A: Some diseases are more elusive than others when it comes to herd immunity, and your two examples are among the elusive ones.
In order to be a candidate for herd immunity, we need a disease caused by one specific virus. The virus has to be easily recognized by the immune system; it can’t mutate particularly rapidly; and it has to be transmitted in a process that only involves humans–not mosquitos or birds or rusty nails. COVID-19 meets all of these benchmarks, so we still think that herd immunity is achievable–eventually.
So why don’t we have herd immunity to other diseases?
Influenza is the most serious viral disease (population-wise, anyway) that still circulates every year in high-income countries. Although we do have vaccines for flu, we won’t be looking forward to herd immunity with the vaccines we currently use because influenza loves to mutate. It changes all the time in a process called antigenic drift. And it tends to change in a way that means last year’s vaccine doesn’t help your immune system identify this year’s version of the virus. This means we need to update our immune system as to what to be watching out for once a year.
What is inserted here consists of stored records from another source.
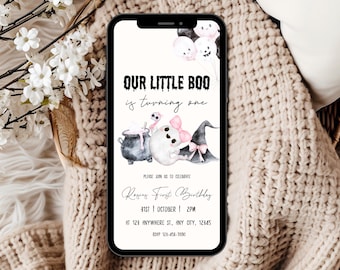 Spooky One Birthday Invite, Halloween Party Template (Digital Download)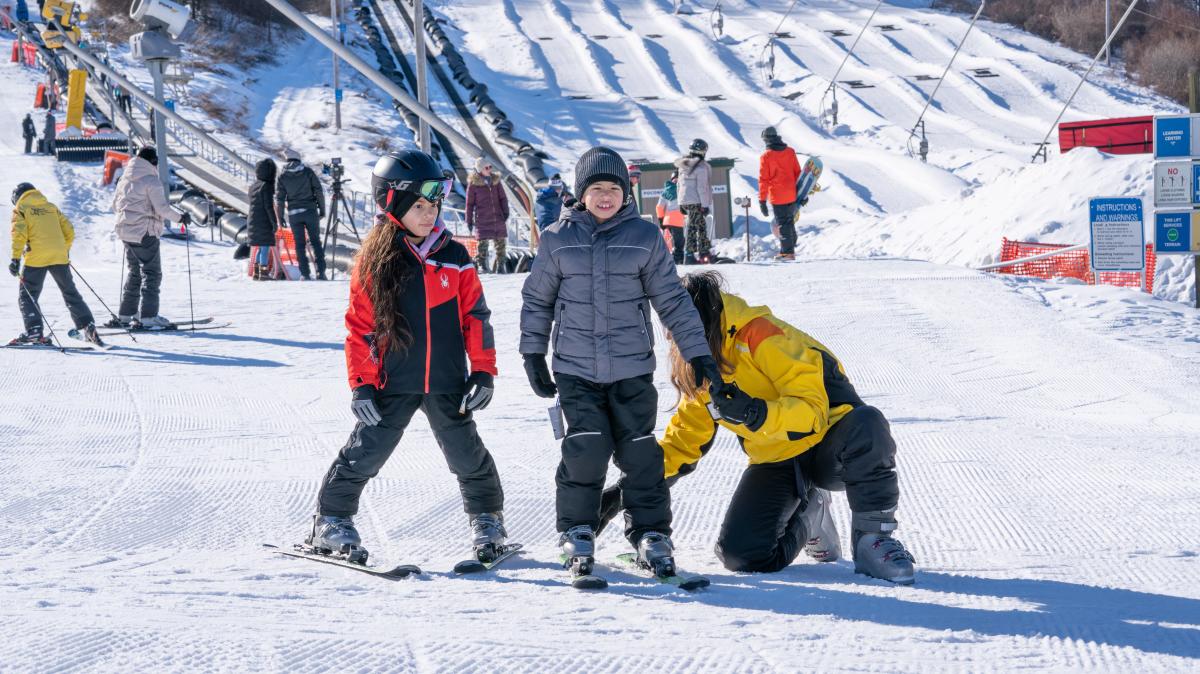 Children taking a ski lesson at Shawnee Mountain in the Poconos.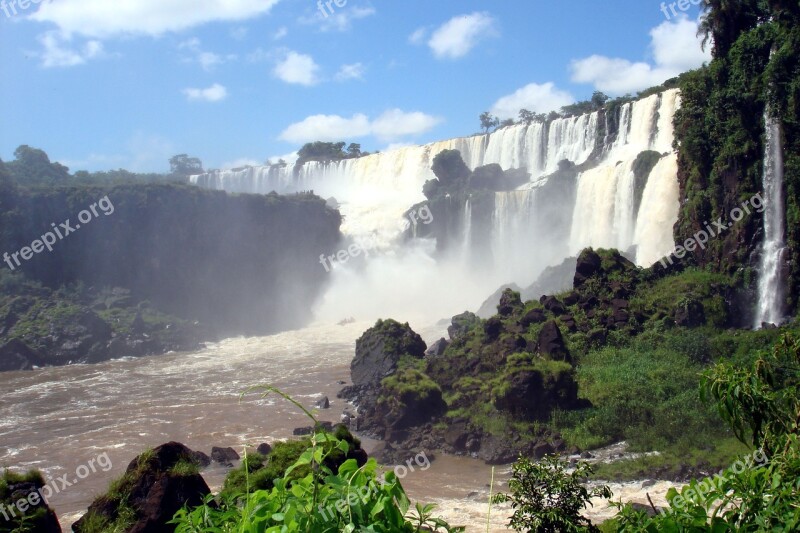 Iguassu Brazil Waterfall Nature Spray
On top of that, influenza viruses circulate in several other animal populations, especially birds and pigs. And the bird and pig versions of influenza can meet up and swap genetic material with human versions in a way that is fairly unique, leading to *very* new types of flu–types that would take our immune systems completely by surprise. This is the scenario that could someday lead to an influenza pandemic. The Great Influenza pandemic of 1918 probably originated in a wild bird population in North America (though, no one really knows for sure).
Scientists are currently developing a “universal flu vaccine” that would cover all strains, and all possible future strains. That would be amazing news. Some trials are currently underway. Until then, herd immunity for influenza is not possible because new strains will constantly be escaping last years’ vaccine formulas. It would sure help if more people GOT their flu vaccine though… we only get about half of people covered in the United States each year. And every new case is another chance for the virus to mutate. Really high vaccine coverage could slow down the drift process and make this year’s vaccine last longer.
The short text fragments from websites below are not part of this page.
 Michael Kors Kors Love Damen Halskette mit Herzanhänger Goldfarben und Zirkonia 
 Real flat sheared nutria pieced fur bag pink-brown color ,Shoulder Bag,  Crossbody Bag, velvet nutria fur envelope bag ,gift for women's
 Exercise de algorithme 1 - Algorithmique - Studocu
The common cold is not caused by one virus. In fact, the set of symptoms we call “the common cold” can be caused by dozens of different viruses. Vaccines are extremely specific to a single virus, and sometimes even virus strain (as with flu). So a vaccine for the common cold would actually need to be many vaccines! Most cases of the common cold are caused by rhinoviruses, but there are more than 160 different strains of rhinovirus circulating. So far, developing a universal rhinovirus vaccine–one that would cover all strains–has eluded vaccine developers. But as with flu, scientists are trying.
You didn’t ask about HIV, but we’ll answer anyway. Scientists have been trying to develop a vaccine for HIV since the disease was discovered. But it’s a very difficult nut to crack. HIV is able to hide from the body’s immune system. A vaccine works by giving our immune system instructions as to what it should watch out for. With HIV, there are no instructions to give. It’s like giving instructions to look for something invisible.
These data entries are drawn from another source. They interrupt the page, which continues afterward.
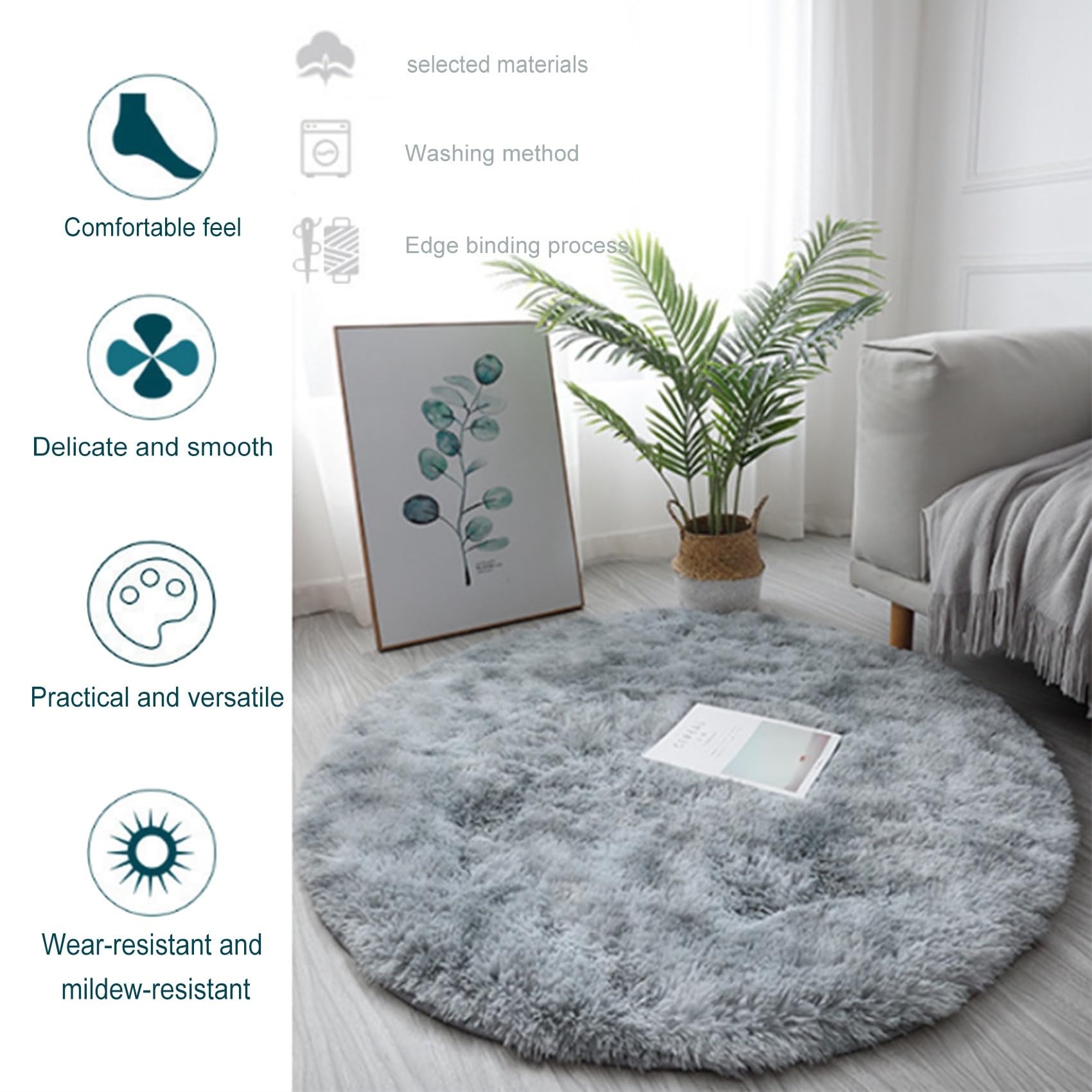 Tappeto Morbido Camera da Letto 355 x 355 cm, Lavabile Fino a 30 Gradi, Morbidissimo, Aspetto Pelliccia, Classico Morbido e Soffice, Tappetto Salotto Moderni Shaggy, Bianco
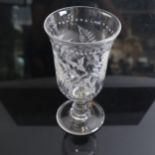 An etched glass celery vase, height 22cm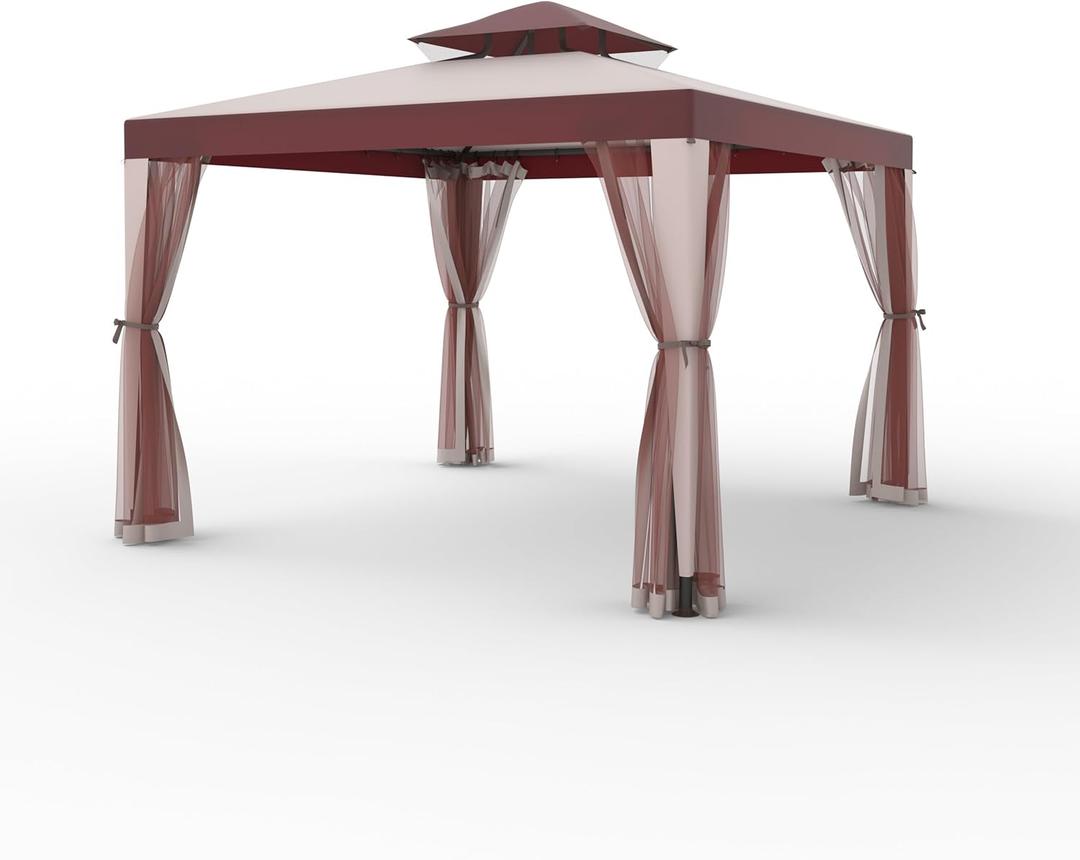 Patio Gazebo Tent Outdoor Canopy Shelter 10'x10' with Removable Netting,100 Square Feet of Shade for Garden, Backyard Deck and Lawns (Red)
We have reached herd immunity with many (many!) diseases! 100 years ago, infectious disease was the leading cause of death in the United States. Measles, mumps, rubella, HIB, polio, chicken pox, smallpox, whooping cough (pertussis), diphtheria, tetanus, rabies, and yellow fever used to circulate widely in the United States and all over the world.
Declines are not due to herd immunity for all of these. For example, we’ll never get to herd immunity for yellow fever, because it’s spread by mosquitoes. Unless you could somehow vaccinate the mosquitoes, you can’t protect the unvaccinated from yellow fever. Same goes for tetanus–you can’t vaccinate rusty nails. For these diseases, we’ll always need to rely on individual-level protection and behavioral prevention (like wearing bug spray and shoes). Your vaccine protects you and no one else.
When we achieve herd immunity, it means that *even the people who are unvaccinated* will never get the disease, because they’ll simply never be exposed to it. Smallpox is the ultimate example. We did such a great job of controlling smallpox that we don’t even vaccinate for it any more. And yet the worldwide number of smallpox cases every year since 1980 has been: zero. Smallpox has been *eradicated* from planet Earth through vaccination. Herd immunity slam-dunk.